According to Ripple, leaders from the banking, fintech, corporate and asset management sector have made it clear that the “digital asset revolution is happening now”.
“Digital assets are quickly becoming a cornerstone of financial services, underpinned by progressive regulation, growing interest from Tier-1 banks, a steady consumer shift from banks to fintech providers, and booming stablecoin adoption,” Ripple says.
The survey was conducted in early 2026 and the findings released in March.
Stablecoin Boon or Bane?
Ripple has experienced significant success in the stablecoin sector since launching its Ripple USD (RLUSD) stablecoin in 2024.
With a market cap of $1.56 billion, it is considered a major regulated player in the market.
No doubt the platform was pleased to learn through its own survey that financial leaders were most bullish about stablecoins.
Roughly three-quarters of respondents believed they could boost cash-flow efficiency and unlock trapped working capital.

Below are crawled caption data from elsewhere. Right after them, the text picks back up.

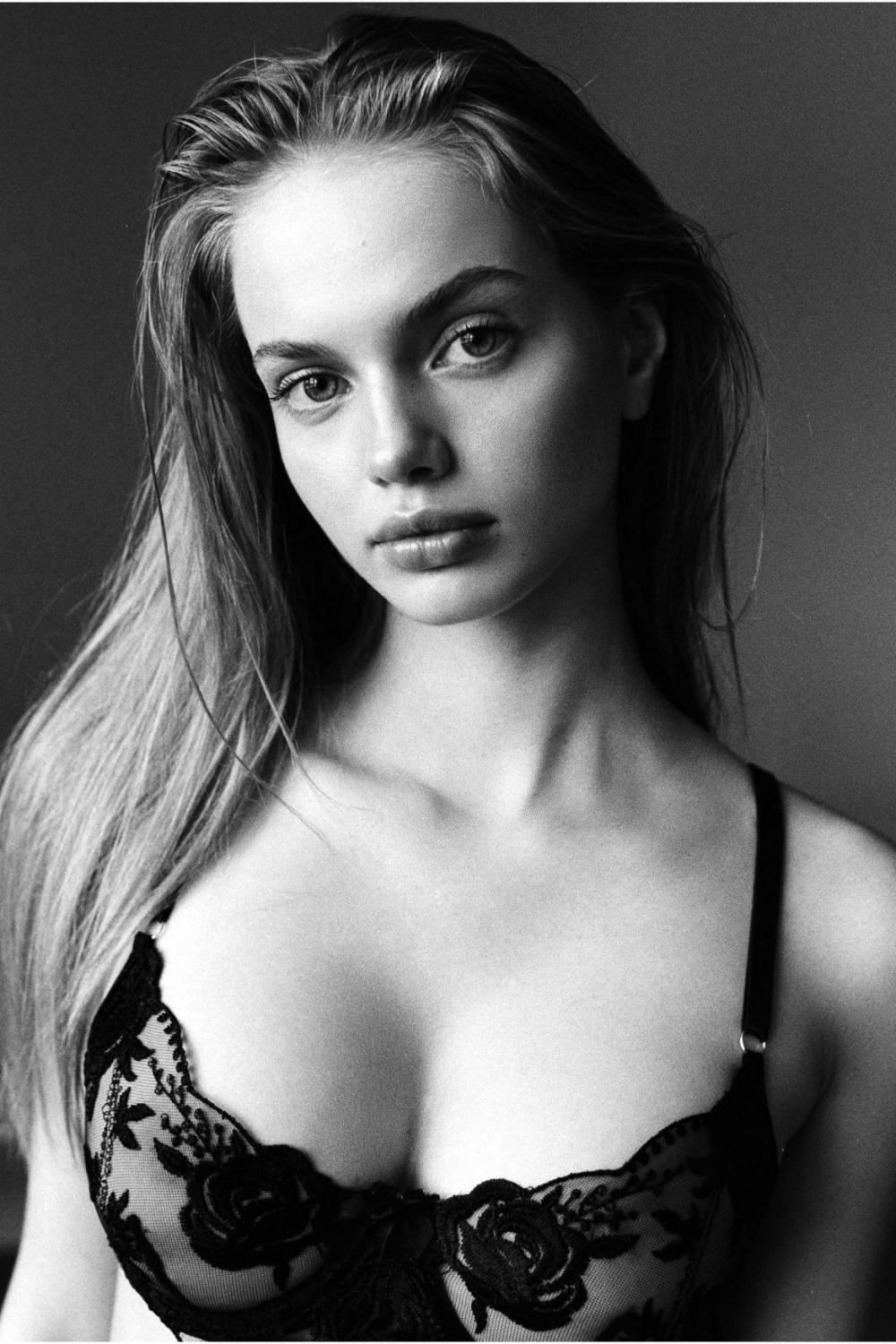 Ksenia Negoduiko image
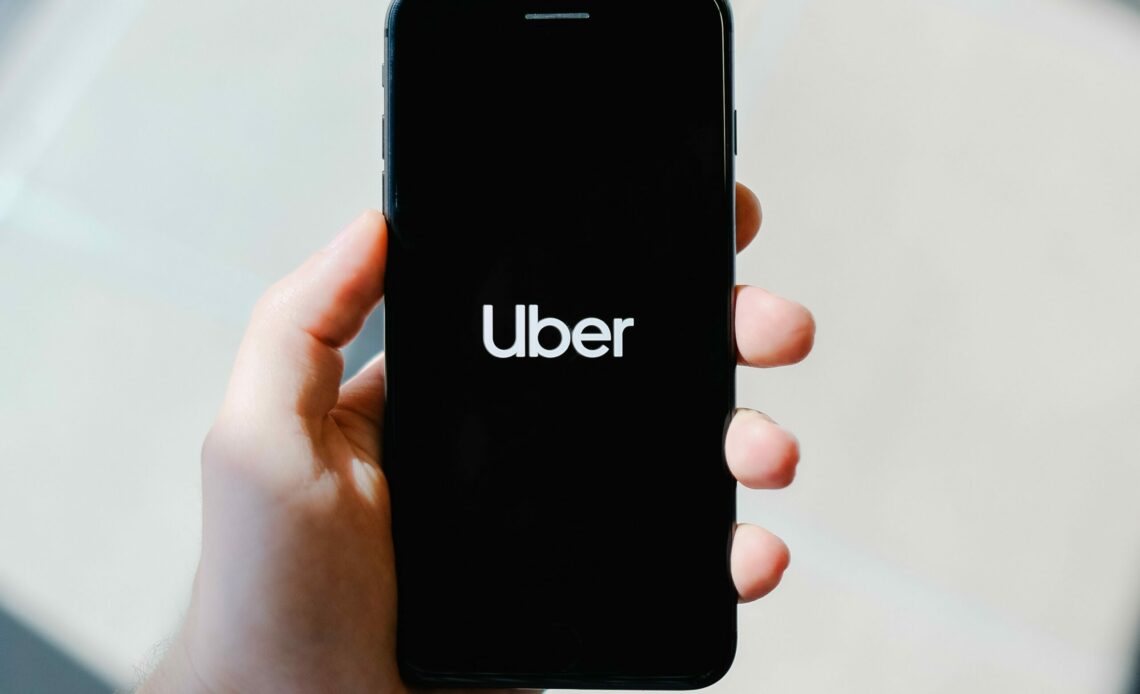 polémique affaire Uber Files révélations président Emmanuel Macron ministre économie
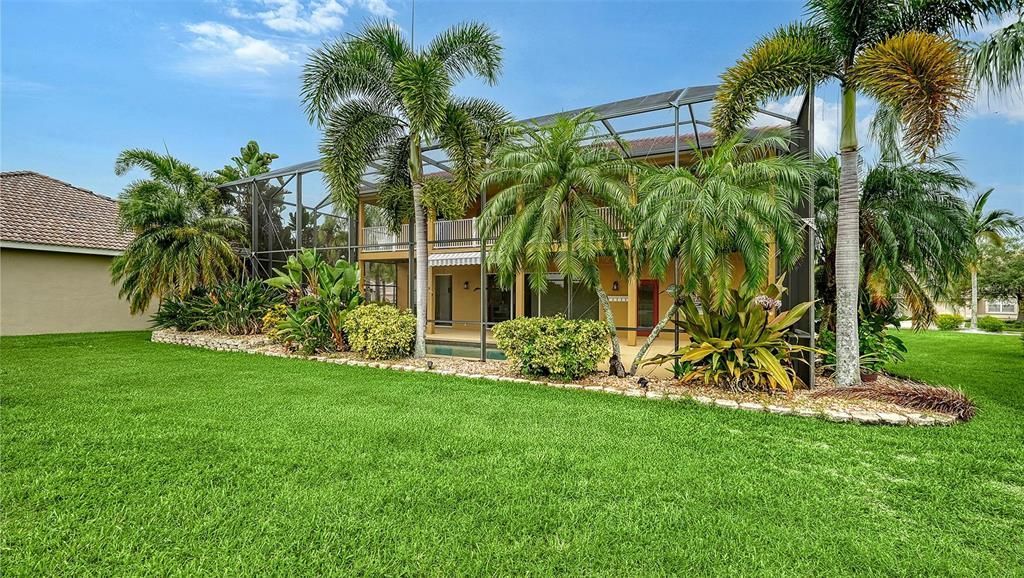 For Sale: $715,720 (5 beds, 3 baths, 3390 Square Feet)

Ripple noted that finance leaders were thinking about stablecoins as more than “just a new way to execute payments”; instead, they viewed them as effective tools for treasury management.
In March 2026, Ripple began testing a new trade finance model built around RLUSD in a bid to increase the speed of cross-border payments.
The pilot initiative, developed alongside supply chain finance company Unloq [https://unloq.com], is running on the XRP Ledger inside a testing framework developed by the Monetary Authority of Singapore.
The Asian city-state is one of the platform’s biggest growth markets.
The idea behind the project is to see whether stablecoin-based settlement can streamline trade finance, too often hampered by reliance on intermediaries and slow reconciliation.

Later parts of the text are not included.